Yesterday, we spent a good chunk of the day resolving some major financial drama.  A small fraudulent transaction which started on an online music retailer's site ended up sucking money out of a popular online payment service's account, which in turn slurped cash out of one of our business'  accounts.  The day ended up largely wasted while we called and e-mailed different companies.  Finally, to prevent any more money from disappearing, we closed the affected checking account.

Ugh, drama.

It wasn't a lot of money, but obviously once the fraud was discovered we had to do something to prevent it from cascading into pure chaos.  In the end, I think we'll get everything back, because we discovered and reported the problem right away.

I'm not sure why so much drama keeps heading our way, but this morning I was nearly sucked into another situation.  This time, I was tapped by an acquaintance to help with a mess she could have  completely avoided, if she'd only listened to a service provider and scheduled an appointment for a mutually convenient time.

What is it with people?  Why is it they insist on making choices that lead to completely artificial emergencies?

I want to scream out to the universe, "Look before you leap, people!"

I ended up mostly declining to involve myself in my acquaintance's drama.

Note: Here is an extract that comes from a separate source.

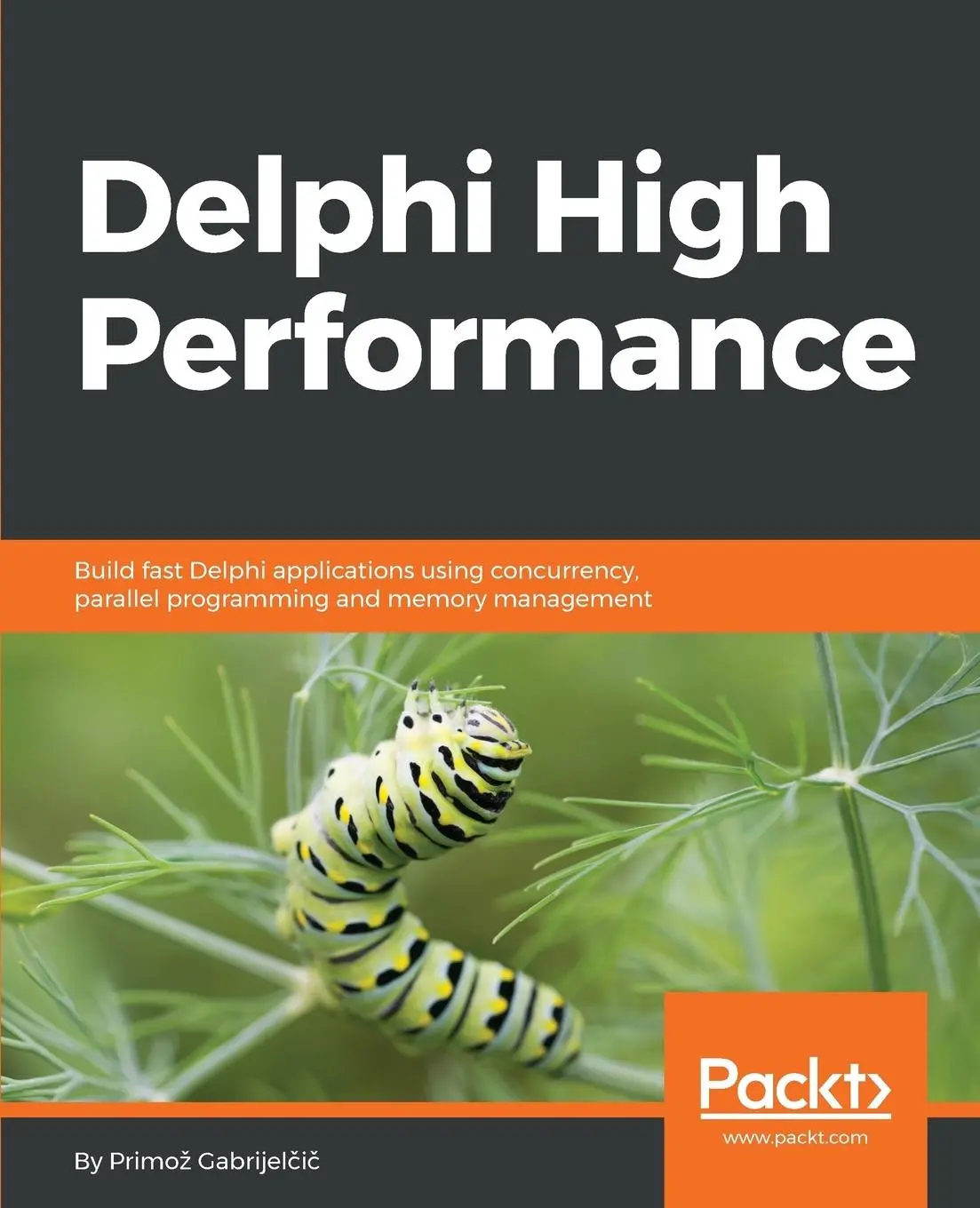 Cover: 9781788625456 | Delphi High Performance | Primo¿ Gabrijel¿i¿ | Taschenbuch | Englisch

I had been asked to do something that I can do, but don't feel comfortable doing, during a time that conflicted with today's work schedule.  I declined, but did make a few phone calls on my friend's behalf, though it didn't result in the help she needed.  She needed to reschedule her plans, and she didn't.

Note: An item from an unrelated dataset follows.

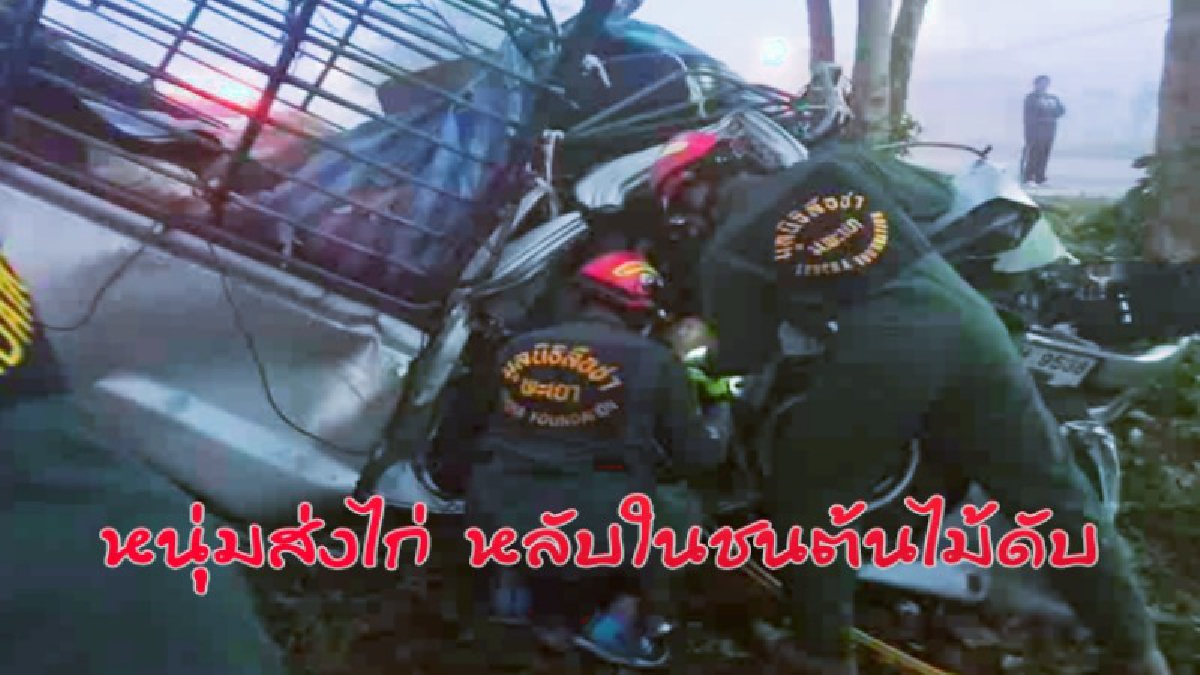 สุดสลด..!?? หนุ่มขับรถส่งไก่เกิดหลับใน พุ่งชนร่างอัดต้นไม้ ดับคาซากรถ ไก่เทกระจาดเกลื่อนถนน..!! (มีคลิป)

Now I'm not without heart.  I felt crappy when I said "no" to Danielle's birth family member and I felt crappy when I said "no" to my acquaintance.  I am willing to help people within reasonable limits, but I also feel like it's important to maintain some healthy boundaries.

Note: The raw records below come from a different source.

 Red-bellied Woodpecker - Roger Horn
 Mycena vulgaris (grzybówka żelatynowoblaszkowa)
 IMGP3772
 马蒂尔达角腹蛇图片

Loaning out money to near strangers, or walking out on my job on short-notice for a few hours don't seem reasonable when both of these crises could have been completely avoided with just a little bit of planning.

I know the decisions I made in both of these situations were the right ones, but I still feel kind of crummy.  The truth is, I can't be all things to all people.  Even during easy times in my life I can't say "yes" to every request that's made of me.

But now, when I feel like I am jumping from crisis to crisis within my own family, I don't have the energy to get sucked into other people's drama.  Right now, I feel like I am swimming as hard as I can to keep my own head above water, and I can tell that my life-jacket is starting to become waterlogged.

I do care about the world and other people, but when I'm drowning, I don't know how I can help anyone else.

1 comment:

  1. Maybe giving up Danielle, and accepting the legal ramifications whatever they may be, will finally afford you a measure of peace.

    If you choose to do that, please also choose to stay in contact with Danielle, as abandonning her will just cause her more harm.

    Explain to her why you made the choice, but not in a condemning way. Explain that it was the healthiest choice for EVERYONE, but that you still care about her, and want her to do well in life, but just did not have the resources to see her succeed, so you had to choose a different path.